そもそも企業は、株式市場に上場することで、資金調達などの大きなメリットを享受することができる。そして多数の投資家が株式を売買できることになるわけだが、投資家にとって投資の判断材料は企業が提供する情報しかない。適切な情報開示は、証券市場の生命線なのだ。
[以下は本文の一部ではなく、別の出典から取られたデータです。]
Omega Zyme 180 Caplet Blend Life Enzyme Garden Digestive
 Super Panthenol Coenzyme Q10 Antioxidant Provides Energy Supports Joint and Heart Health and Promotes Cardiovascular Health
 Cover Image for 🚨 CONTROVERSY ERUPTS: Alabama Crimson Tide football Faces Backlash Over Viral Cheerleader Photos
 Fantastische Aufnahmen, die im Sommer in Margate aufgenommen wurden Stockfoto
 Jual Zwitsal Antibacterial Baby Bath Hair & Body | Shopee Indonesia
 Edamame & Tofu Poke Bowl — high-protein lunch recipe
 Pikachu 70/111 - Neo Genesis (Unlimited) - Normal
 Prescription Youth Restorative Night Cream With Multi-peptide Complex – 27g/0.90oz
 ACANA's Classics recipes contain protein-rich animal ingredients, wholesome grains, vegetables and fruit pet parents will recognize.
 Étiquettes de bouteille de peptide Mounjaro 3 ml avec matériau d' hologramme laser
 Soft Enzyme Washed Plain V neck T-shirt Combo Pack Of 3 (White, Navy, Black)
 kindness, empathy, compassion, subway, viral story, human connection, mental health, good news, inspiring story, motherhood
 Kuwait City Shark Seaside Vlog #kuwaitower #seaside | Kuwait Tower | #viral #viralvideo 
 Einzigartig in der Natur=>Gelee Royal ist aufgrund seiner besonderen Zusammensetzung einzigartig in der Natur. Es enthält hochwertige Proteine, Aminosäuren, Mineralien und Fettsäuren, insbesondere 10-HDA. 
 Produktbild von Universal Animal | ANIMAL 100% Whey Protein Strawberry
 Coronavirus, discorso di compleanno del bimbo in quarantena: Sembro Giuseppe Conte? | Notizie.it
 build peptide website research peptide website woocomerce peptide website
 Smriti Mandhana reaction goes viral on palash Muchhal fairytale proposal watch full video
今や世界中から投資資金が集まり、外国人投資家が2割以上を占める国際市場になっている日本の株式市場。虚偽の情報は、その企業だけでなく証券市場全体の信頼を損ないかねない。だからこそ、東証は上場廃止という厳しい処分を下したのであり、金融庁も「ディスクロージャー(情報開示)制度の信頼性確保に向けた対応について」と題した発表をすぐに行っている。東証や金融庁は相当な危機感で対処を急いだのだ。

では、親会社の持つ株式の比率が多いと何が問題なのか。株価は、欲しい人と売りたい人のバランスによって決まる。市場で流通している株数が少なければ、株価は乱高下しかねないのである。実際、ベンチャーの上場では急激な株価の乱高下があるが、それは上場時の発行株数が少ないからだ。

どの証券市場よりも厳しい上場基準があり、「上場させないための基準」(証券関係者)とまでいわれる東証一部市場だが、他の市場の上場基準と比べて最大の違いは、求める公開時株数と株主数のケタ違いの多さにある。株式の市場流通数はそれほど重要なのである。

東証は90年以降、さまざまな規制強化を打ち出してきたが、規制以前に上場した企業は適用除外となっていた。今後の行方に注目しておきたい。